Authorities have begun the task of assessing the full extent of damage from flooding which has wreaked havoc in Townsville.
Townsville Local Disaster Management chairwoman, Jenny Hill, said the floods had eclipsed previous records for the city.
“The Townsville floods were much bigger than a one-in-100-year event,” Cr Hill said.
“A team of experts is currently analysing the data but it is clear that the flood levels in the Ross River were greater than a one-in-500-year event.”
Staff from a range of agencies have been checking households and other infrastructure for flood damage.
As of 5pm yesterday, almost 1500 homes and commercial properties had been identified as having damage rated as minor, moderate or major.
“There is still a large amount of the city waiting for damage assessments and it will be a long road to recovery,” Cr Hill said.
“At the moment we are looking at around 80 properties that were inundated by more than one metre of water, 489 with 25cm to one metre and 870 with less than 25cm.
“This number is going to grow over the coming weeks as we work out exactly how much damage has occurred throughout Townsville.”
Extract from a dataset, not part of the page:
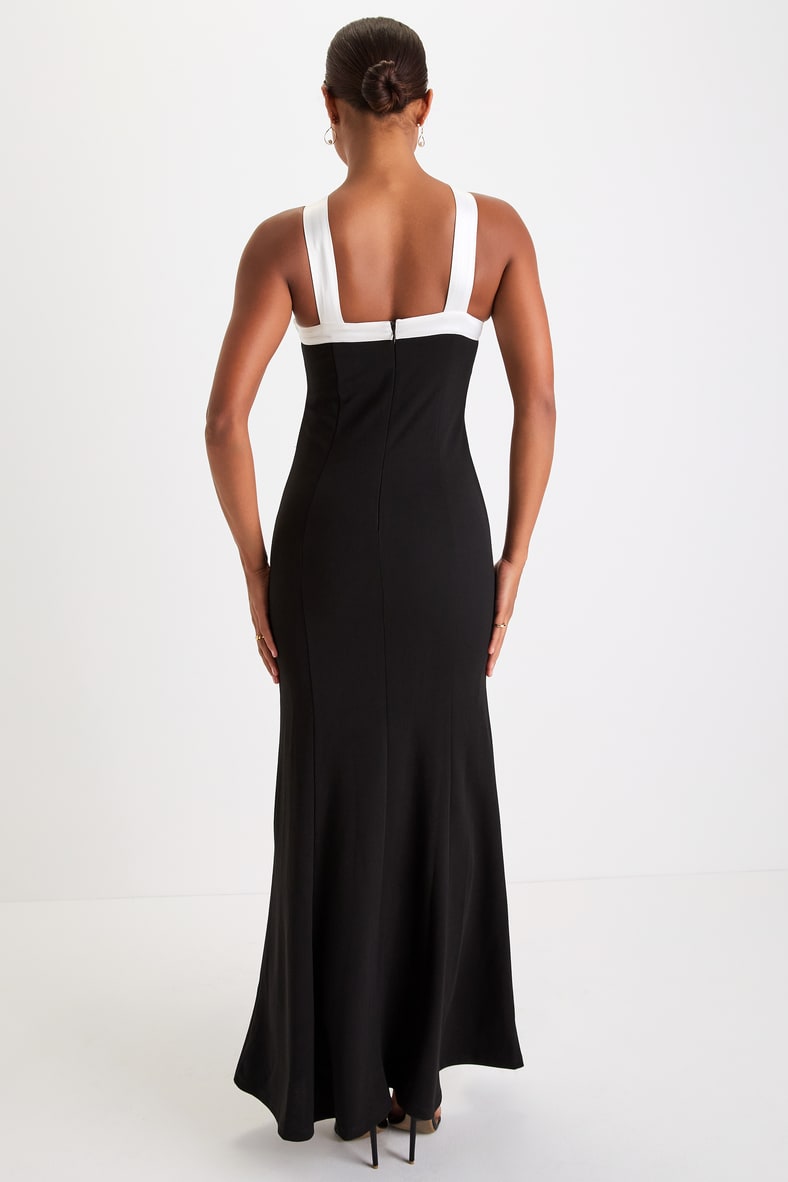 Luxurious Outlook Black and White Bow Mermaid Maxi Dress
Queensland Fire and Emergency Services Minister, Craig Crawford, will request the Inspector-General undertake a review into the devastating floods which have indundated much of north and north-west Queensland.
Mr Crawford said the review was standard practice after such a major event.
He said members of the community would be given the opportunity to provide submissions to the review.
“This event has devastated communities and destroyed homes and businesses,” Mr Crawford said.
“There are always lessons which can be learned from events like this.”
The terms of reference for the review will be available on the Inspector-General Emergency Management website from today.
Meanwhile, disaster assistance has been activated for the local government area of Flinders and extended for primary producers, small businesses and not-for-profit organisations across Townsville and a number of regions impacted by the flooding.
Flinders becomes the 21st local government area eligible for assistance through the jointly funded Commonwealth-Queensland Disaster Recovery Funding Arrangements.
Low-interest loans to support the recovery of primary producers, small businesses and not-for-profit organisations have been made available in the Burdekin, Cloncurry, Douglas, Flinders, Hinchinbrook, McKinlay and Richmond.